<<<<

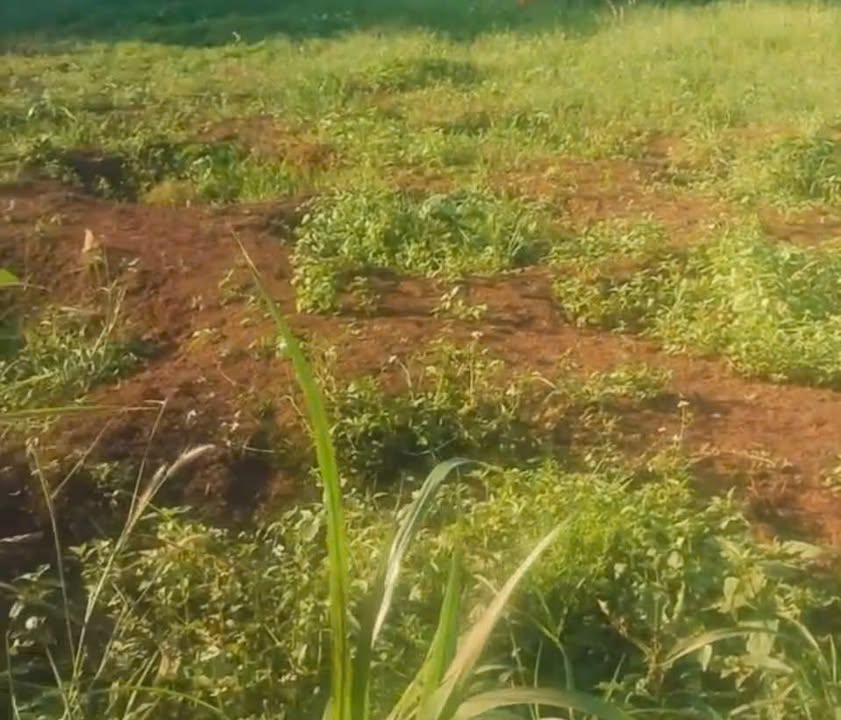 Đất nền 10,000m² tại Cư M'gar, Đắk Lắk - Giá chỉ 1.35 tỷ - Cơ hội đầu tư hiếm có!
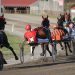Twin features on Saturday Cumberland card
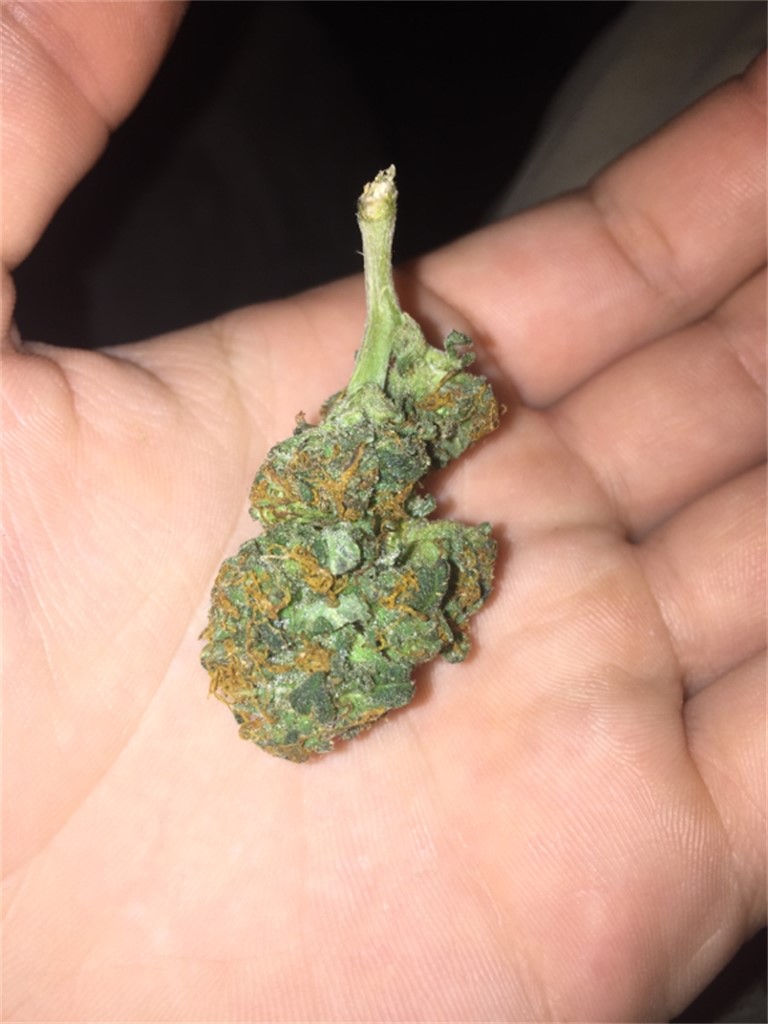 Apollo 11 Marijuana Strain Information Leafly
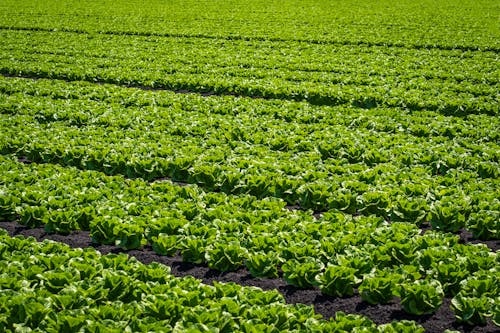 Foto profissional grátis de abundância, agricultura, área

>>>>

- WHAT YOU NEED TO DO -
Without any pictures, transcribe the listing above exactly as written.

- RESPONSE BOX -
 Đất nền 10,000m² tại Cư M'gar, Đắk Lắk - Giá chỉ 1.35 tỷ - Cơ hội đầu tư hiếm có!
Twin features on Saturday Cumberland card
 Apollo 11 Marijuana Strain Information Leafly
 Foto profissional grátis de abundância, agricultura, área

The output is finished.